Indra’s Net. Artist: Amber Takano, copyright: Gereon Kopf.

But Dōgen does not stop here. Many discussions on the self forget that “self” is a concept not a thing. As a concept it helps us highlights particular phenomena. However, as Dōgen famously observed, “when one side is illuminated, the other side is obscured.”******** Concepts are linguistic and discursive forms of “expressions” (dōtoku). As such, “when we express expression we do not express non-expression.  Even when we recognize expression in expression, if we do not verify the depth of non-expression as the depth of non-expression, we are neither in the face of the buddha-and-ancestors nor in the bones and marrow of the buddha-and-ancestors” (DZZ 1: 303). Dōgen suggests that all “expressions” are also “non-expressions” (fudōtoku). Actually, they are expressions, “expressions-and-non-expressions.”
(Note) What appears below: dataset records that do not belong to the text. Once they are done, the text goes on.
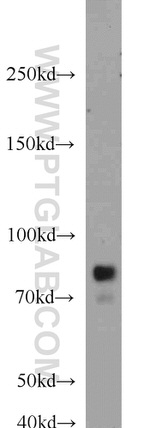 RSK3 Antibody in Western Blot (WB)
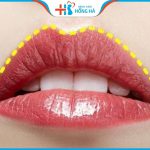 Tạo môi chẻ đẹp hay xấu? Cách làm môi trẻ đẹp tự nhiên, vĩnh viễn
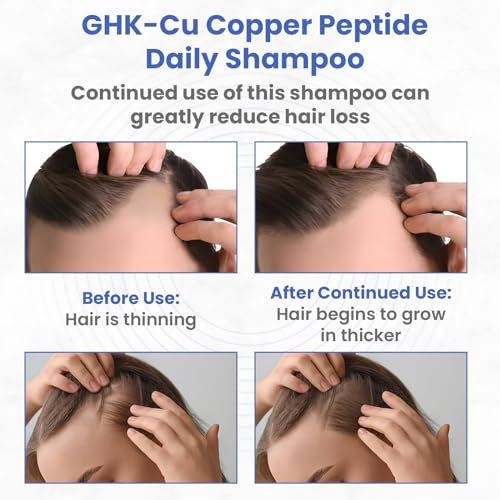 Copper Peptide Shampoo – Anti Hair Loss Shampoo for Hair Regrowth | PeptideLabz Avelisse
And this brings us back to the opening paragraph. When we discuss specific topics, we need to employ the appropriate concepts. Discussions of responsibility and accountability, moral as well as legal, require a notion of “self” as “substantial and individual”; religious discourses that focus on salvation or liberation highlight that we are “constituted by what brings it into existence,”; religious discourses that promote self-cultivation emphasize that we constitute a “part of [a] wider cosmic reality”; political discourses uphold that we are “fundamentally in-relation”; finally, attempts to understand our motivation and cognition assume that we are “reducible to underlying processes.” I believe that the concept of “no-self” developed in the texts discussed above accommodates such a multilayered and multi-faceted understanding of the self. Dōgen provides the framework that brings out the many aspects of the “no-self” so that we can meaningfully understand the various aspects of our existence and solve the puzzles they create.
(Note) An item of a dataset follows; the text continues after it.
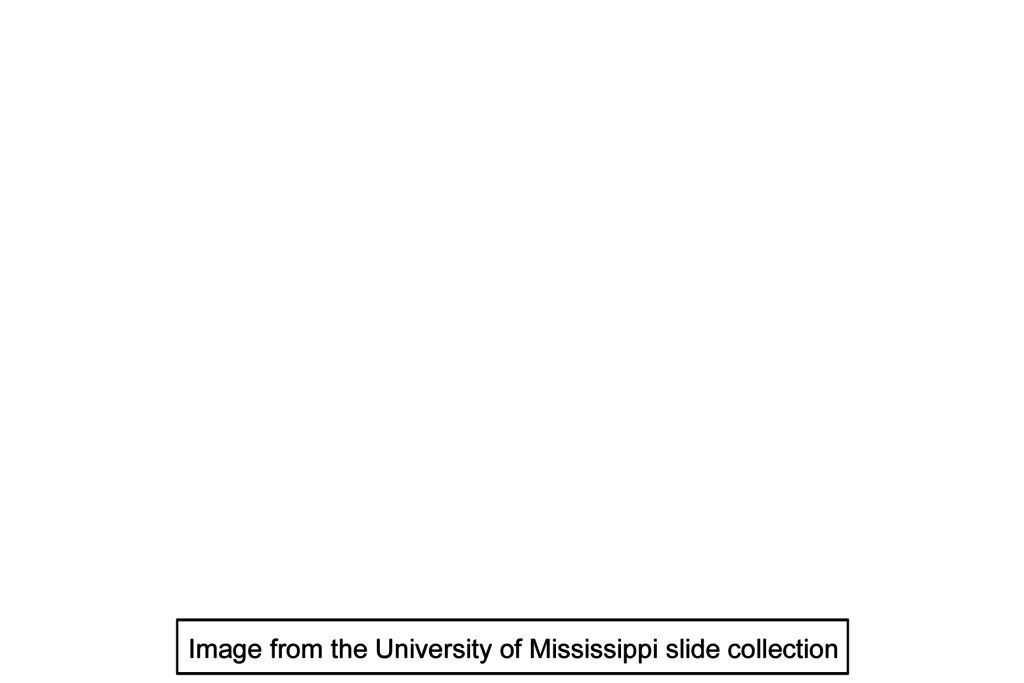 Image source > <p>Image taken of a slide in the University of Mississippi slide collection</p>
* Jackendoff cited in Varela et al., 1991, 52.
** Knepper, 2023, 84-85.
*** T 996.19.0523.
**** T 99.2.34.0245.
***** T 1509.25.0114.
****** T 1509.25.0148.
******* I have written about this line in an earlier essay: “Who Am I — Self-discovery in Japanese Zen Practice” (https://www.buddhistdoor.net/features/who-am-i-self-discovery-in-japanese-zen-practice/)
******** DZZ 1:333. For more on Dōgen’s notion of intersubjectivity, see “Why I Study Zen Philosophy” (https://www.buddhistdoor.net/features/why-i-study-zen-philosophy/).
********* DZZ 1: 7. See “Entangled in Indra’s Net” (https://www.buddhistdoor.net/features/entangled-in-indras-net/).

References

Knepper, Timothy. 2023. Philosophies of Religion: A Global and Critical Introduction. London: Bloomsbury Academic.
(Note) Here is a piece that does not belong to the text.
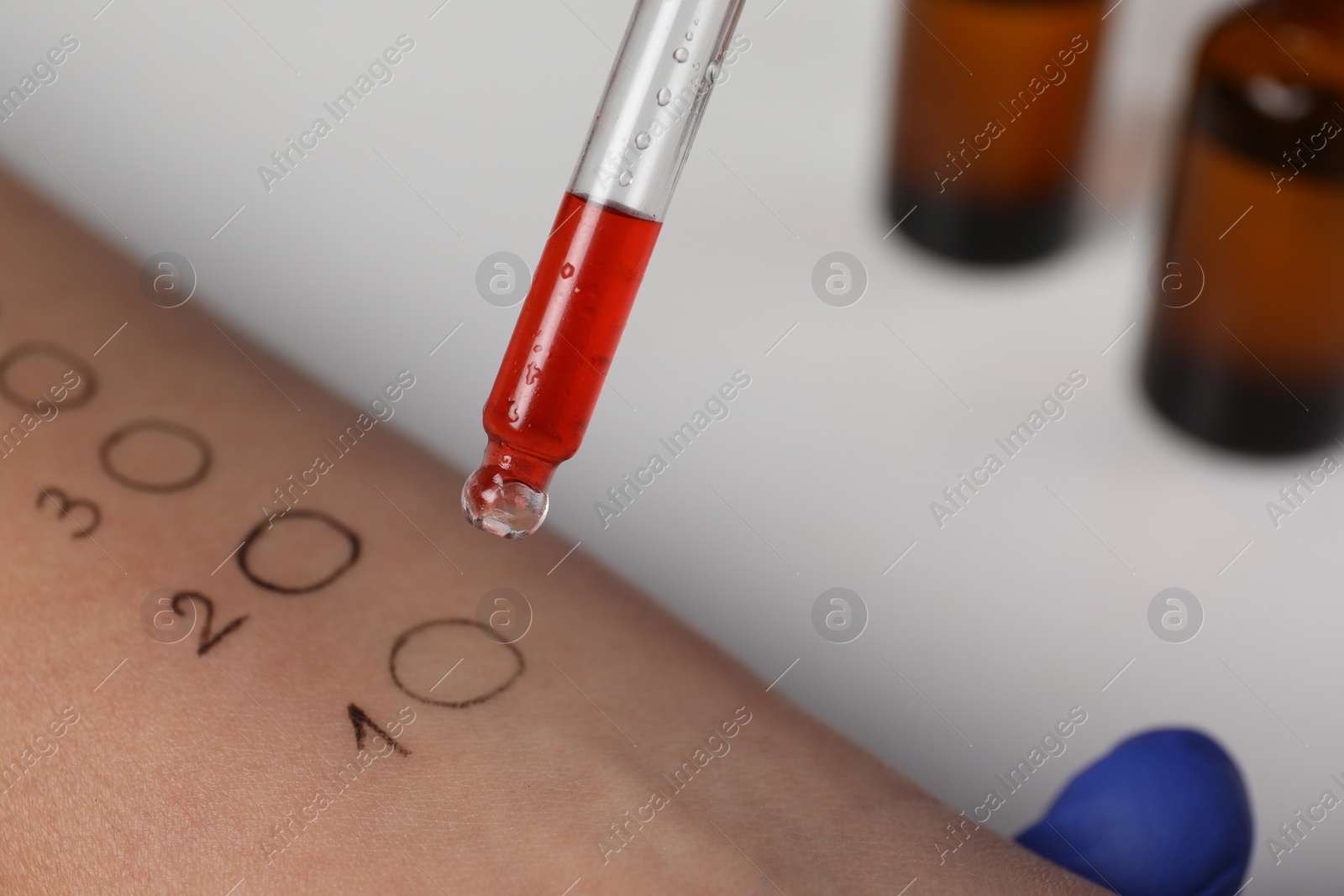 Photo of Patient undergoing skin allergy test at light table in clinic, closeup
Ōkubo, Dōshū, ed. 1969–70. Dōgen zenji zenshū (Complete Works of Zen Master Dōgen). Two volumes. Ed. Tokyo: Chikuma Shobō. [Abbr. DZZ].

Varela, Francisco, Evan Thompson and Eleanor Rosch. 1991. The Embodied Mind. Cambridge: MIT Press.

Takakusu, Junjirō and Kaigyoku Watanabe, eds. 1961. Taishō shinshū daizōkyō (The Taishō Edition of the Buddhist Canon). Tokyo: Taishō Shinshū Daizōkyō Kankōkai. [Abbr. T].